_PROVIDED DATA_:

[Start of Attachment]

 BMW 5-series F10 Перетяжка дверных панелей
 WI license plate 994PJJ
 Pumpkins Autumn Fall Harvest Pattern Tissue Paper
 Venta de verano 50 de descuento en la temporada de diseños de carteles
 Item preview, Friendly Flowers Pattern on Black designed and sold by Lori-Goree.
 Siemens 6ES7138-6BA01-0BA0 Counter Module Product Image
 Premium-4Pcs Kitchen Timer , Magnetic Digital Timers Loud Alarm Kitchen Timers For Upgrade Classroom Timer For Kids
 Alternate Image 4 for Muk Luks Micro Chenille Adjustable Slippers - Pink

[End of Attachment]
[Start of Attachment]

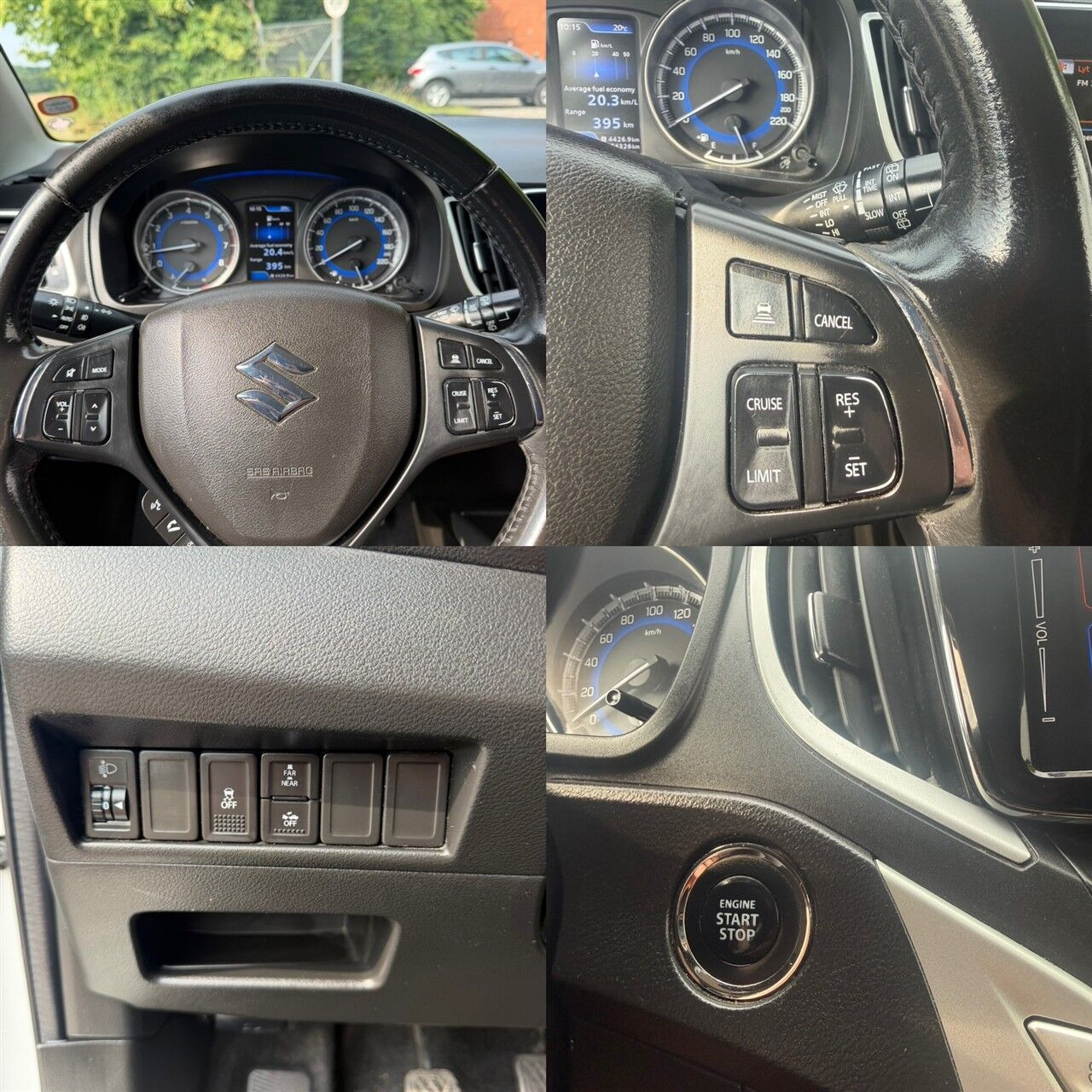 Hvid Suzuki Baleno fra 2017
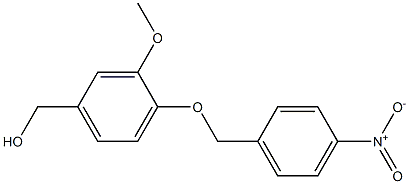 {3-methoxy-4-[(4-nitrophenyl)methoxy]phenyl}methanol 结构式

[End of Attachment]
[Start of Attachment]

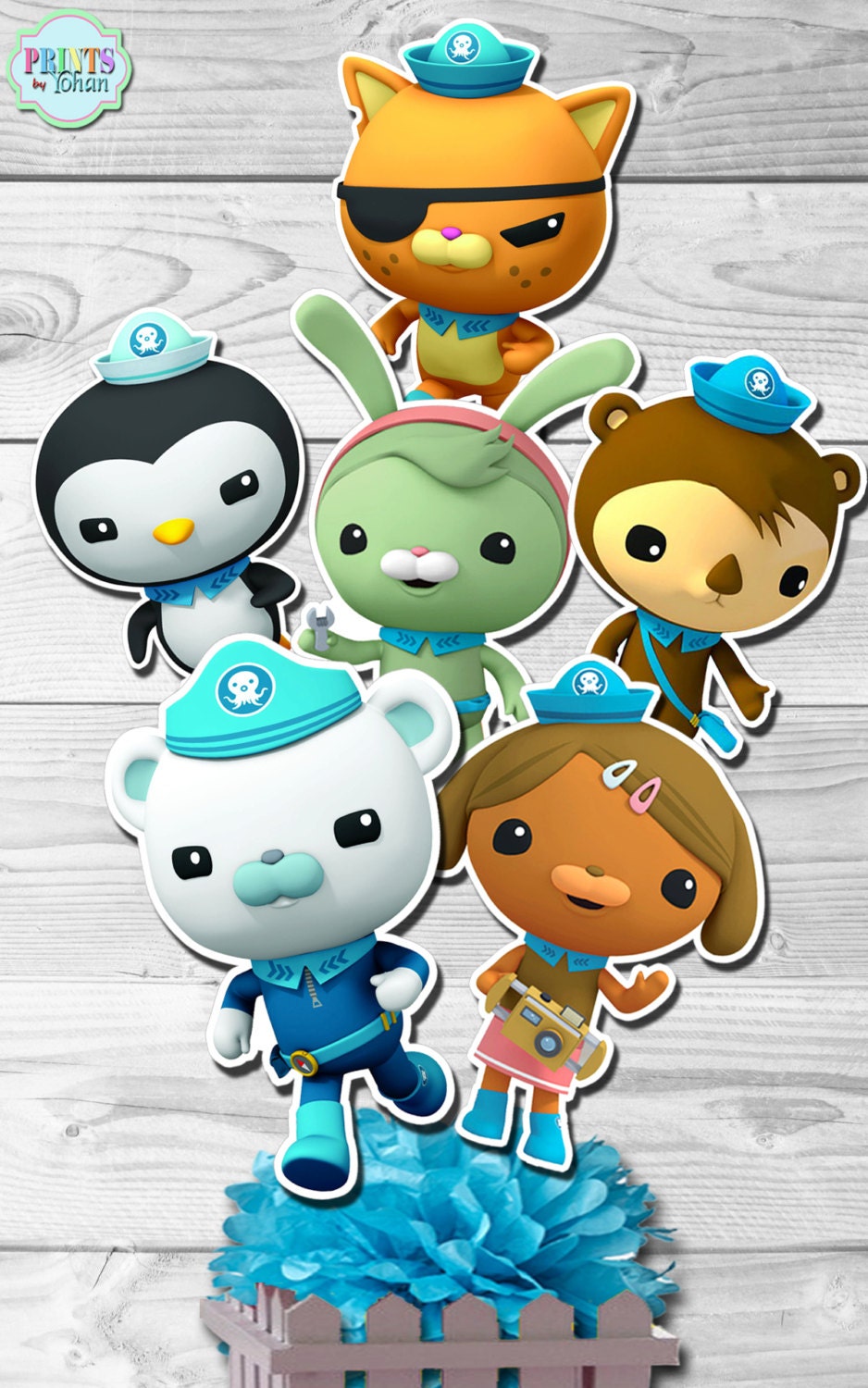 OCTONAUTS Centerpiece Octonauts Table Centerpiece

[End of Attachment]

_EXERCISE BRIEF_:
Could you return exactly the lines above from the line with "WI license plate 994PJJ" to the line with "Alternate Image 4", both included, and nothing else?

_TASK RESPONSE_:
 WI license plate 994PJJ
 Pumpkins Autumn Fall Harvest Pattern Tissue Paper
 Venta de verano 50 de descuento en la temporada de diseños de carteles
 Item preview, Friendly Flowers Pattern on Black designed and sold by Lori-Goree.
 Siemens 6ES7138-6BA01-0BA0 Counter Module Product Image
 Premium-4Pcs Kitchen Timer , Magnetic Digital Timers Loud Alarm Kitchen Timers For Upgrade Classroom Timer For Kids
 Alternate Image 4 for Muk Luks Micro Chenille Adjustable Slippers - Pink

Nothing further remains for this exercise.